By implementing adaptive DDoS defenses at all edges of their networks, including directly within peering and customer aggregation points of presence (PoPs), network operators can suppress DDoS attack traffic as it ingresses at multiple points across the entire network edge, or before it ever converges into a large-scale attack. By implementing edge-based attack detection, intelligent DDoS mitigation, and network infrastructure-based mitigation techniques at all network ingress points, operators can implement adaptive DDoS suppression systems that scale to counter DDoS attack capacity and adversary innovation.

Threat Detection and Response
Endpoint/network detection and response (EDR/NDR) technologies are continuing to evolve, integrate, and combine into what is now commonly referred to as extended detection and response (EDR/NDR).

Although EDR is a well-known and valuable tool, it does have some shortcomings. Due in part to EDR’s market maturity, threat actors have developed a variety of evasion techniques. EDR is challenged by polymorphism, fileless malware, stealth exfiltration via trusted protocols, and other current approaches.
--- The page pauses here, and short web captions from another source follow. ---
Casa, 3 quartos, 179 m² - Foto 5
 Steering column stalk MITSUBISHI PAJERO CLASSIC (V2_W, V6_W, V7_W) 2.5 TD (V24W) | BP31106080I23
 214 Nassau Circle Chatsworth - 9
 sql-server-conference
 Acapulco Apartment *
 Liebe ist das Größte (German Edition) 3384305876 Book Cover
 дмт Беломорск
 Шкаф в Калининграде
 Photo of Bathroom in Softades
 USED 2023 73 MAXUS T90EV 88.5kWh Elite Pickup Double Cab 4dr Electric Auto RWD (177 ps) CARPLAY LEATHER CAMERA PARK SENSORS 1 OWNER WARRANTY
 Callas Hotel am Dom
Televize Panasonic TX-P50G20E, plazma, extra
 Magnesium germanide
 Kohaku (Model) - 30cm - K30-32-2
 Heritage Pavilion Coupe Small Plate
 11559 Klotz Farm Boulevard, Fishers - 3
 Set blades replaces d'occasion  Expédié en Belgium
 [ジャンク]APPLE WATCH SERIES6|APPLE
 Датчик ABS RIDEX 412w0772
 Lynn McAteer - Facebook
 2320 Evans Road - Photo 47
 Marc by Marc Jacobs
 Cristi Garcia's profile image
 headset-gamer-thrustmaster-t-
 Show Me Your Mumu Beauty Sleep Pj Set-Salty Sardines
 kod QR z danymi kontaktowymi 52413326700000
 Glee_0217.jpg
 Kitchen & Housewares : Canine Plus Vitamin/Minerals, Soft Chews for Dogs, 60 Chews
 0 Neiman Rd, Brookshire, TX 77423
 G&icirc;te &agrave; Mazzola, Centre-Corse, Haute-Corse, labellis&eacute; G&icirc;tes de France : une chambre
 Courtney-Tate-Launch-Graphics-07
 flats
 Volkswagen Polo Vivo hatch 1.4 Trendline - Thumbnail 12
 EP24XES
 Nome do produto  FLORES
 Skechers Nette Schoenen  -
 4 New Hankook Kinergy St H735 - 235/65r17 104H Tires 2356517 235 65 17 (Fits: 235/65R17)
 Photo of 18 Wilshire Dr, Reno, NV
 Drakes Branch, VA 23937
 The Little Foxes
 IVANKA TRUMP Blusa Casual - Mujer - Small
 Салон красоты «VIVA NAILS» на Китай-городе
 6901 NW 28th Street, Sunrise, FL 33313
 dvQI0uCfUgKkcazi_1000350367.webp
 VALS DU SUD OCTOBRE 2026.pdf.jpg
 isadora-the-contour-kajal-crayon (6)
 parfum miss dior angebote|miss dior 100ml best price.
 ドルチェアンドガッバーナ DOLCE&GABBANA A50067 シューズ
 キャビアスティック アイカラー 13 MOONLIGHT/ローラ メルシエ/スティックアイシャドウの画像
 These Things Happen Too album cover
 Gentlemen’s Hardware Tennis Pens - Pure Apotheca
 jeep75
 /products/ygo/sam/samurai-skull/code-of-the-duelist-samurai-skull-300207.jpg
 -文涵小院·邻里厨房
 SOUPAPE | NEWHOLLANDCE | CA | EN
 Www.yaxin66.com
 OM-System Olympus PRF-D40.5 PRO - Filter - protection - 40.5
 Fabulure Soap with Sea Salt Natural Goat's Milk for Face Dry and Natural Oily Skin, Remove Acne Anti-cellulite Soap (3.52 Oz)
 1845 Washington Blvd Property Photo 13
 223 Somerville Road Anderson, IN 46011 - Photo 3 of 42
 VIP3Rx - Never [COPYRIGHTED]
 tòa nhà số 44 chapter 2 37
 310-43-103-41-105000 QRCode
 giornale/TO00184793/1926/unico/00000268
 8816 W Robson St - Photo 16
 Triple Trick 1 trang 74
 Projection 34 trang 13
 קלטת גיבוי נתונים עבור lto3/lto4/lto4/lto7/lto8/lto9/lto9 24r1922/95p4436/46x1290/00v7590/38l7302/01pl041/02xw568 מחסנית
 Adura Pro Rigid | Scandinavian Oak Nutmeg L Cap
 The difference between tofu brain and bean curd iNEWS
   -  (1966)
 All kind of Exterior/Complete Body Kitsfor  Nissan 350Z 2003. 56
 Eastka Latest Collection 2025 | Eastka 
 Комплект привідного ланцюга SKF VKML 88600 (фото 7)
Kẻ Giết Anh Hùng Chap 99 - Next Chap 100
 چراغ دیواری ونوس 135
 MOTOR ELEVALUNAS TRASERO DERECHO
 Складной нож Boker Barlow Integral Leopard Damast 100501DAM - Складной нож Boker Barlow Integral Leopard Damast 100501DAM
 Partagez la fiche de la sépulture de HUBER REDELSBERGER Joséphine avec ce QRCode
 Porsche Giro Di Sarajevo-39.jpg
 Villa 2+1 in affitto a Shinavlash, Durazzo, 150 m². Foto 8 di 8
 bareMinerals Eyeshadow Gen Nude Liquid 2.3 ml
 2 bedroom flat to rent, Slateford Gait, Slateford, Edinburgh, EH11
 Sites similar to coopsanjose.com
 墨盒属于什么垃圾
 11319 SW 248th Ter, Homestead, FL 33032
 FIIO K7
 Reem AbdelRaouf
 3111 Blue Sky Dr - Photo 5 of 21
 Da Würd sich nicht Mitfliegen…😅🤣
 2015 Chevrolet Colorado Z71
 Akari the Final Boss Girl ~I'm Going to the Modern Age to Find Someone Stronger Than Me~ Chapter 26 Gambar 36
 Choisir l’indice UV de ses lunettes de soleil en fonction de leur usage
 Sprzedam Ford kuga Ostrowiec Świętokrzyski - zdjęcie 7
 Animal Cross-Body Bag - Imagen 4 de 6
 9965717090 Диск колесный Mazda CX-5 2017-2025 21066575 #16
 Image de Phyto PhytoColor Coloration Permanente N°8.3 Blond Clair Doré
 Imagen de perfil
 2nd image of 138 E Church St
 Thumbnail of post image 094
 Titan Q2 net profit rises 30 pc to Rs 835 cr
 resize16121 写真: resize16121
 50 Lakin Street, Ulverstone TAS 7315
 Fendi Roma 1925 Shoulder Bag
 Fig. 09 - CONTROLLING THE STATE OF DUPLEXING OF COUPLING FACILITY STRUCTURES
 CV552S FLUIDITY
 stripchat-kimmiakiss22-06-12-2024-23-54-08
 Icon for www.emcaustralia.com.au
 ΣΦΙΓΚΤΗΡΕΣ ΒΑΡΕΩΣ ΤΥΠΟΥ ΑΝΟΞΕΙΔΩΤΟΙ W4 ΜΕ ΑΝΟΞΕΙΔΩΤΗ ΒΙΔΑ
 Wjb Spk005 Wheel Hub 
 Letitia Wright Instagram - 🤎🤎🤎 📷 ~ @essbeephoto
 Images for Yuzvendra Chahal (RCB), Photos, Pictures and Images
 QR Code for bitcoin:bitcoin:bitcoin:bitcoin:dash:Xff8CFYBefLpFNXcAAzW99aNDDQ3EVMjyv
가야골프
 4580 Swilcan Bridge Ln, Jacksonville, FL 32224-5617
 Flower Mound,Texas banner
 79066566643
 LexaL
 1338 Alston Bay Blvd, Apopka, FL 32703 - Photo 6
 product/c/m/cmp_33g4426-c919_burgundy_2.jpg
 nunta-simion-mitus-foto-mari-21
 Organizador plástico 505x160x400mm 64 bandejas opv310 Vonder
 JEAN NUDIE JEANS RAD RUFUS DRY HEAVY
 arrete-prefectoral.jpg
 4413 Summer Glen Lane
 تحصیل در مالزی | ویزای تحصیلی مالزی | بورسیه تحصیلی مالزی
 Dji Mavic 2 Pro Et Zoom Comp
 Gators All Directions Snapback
In addition, the attack surface has grown tremendously as a result of IoT, software as a service (SaaS), bring your own device (BYOD), serverless apps, fifth-generation wireless (5G), and other factors.

To fill the gaps, most organizations are now turning to NDR as everything eventually must traverse the network, leaving threats with fewer hiding places. It is impractical to install EDR on every connected device (think Internet of Things), but since all of these devices require a network connection, the network is the most obvious location for detection and response. Packet manipulation is far more difficult to implement usefully, and even encryption is a challenge that can be overcome at the network level. Additionally, NDR is more scalable because it can be strategically placed for optimal visibility. Analysis of network packet-derived metadata is extremely fast and makes it easy to conduct initial investigations. Packets can potentially expose all activity, including the exfiltrated data.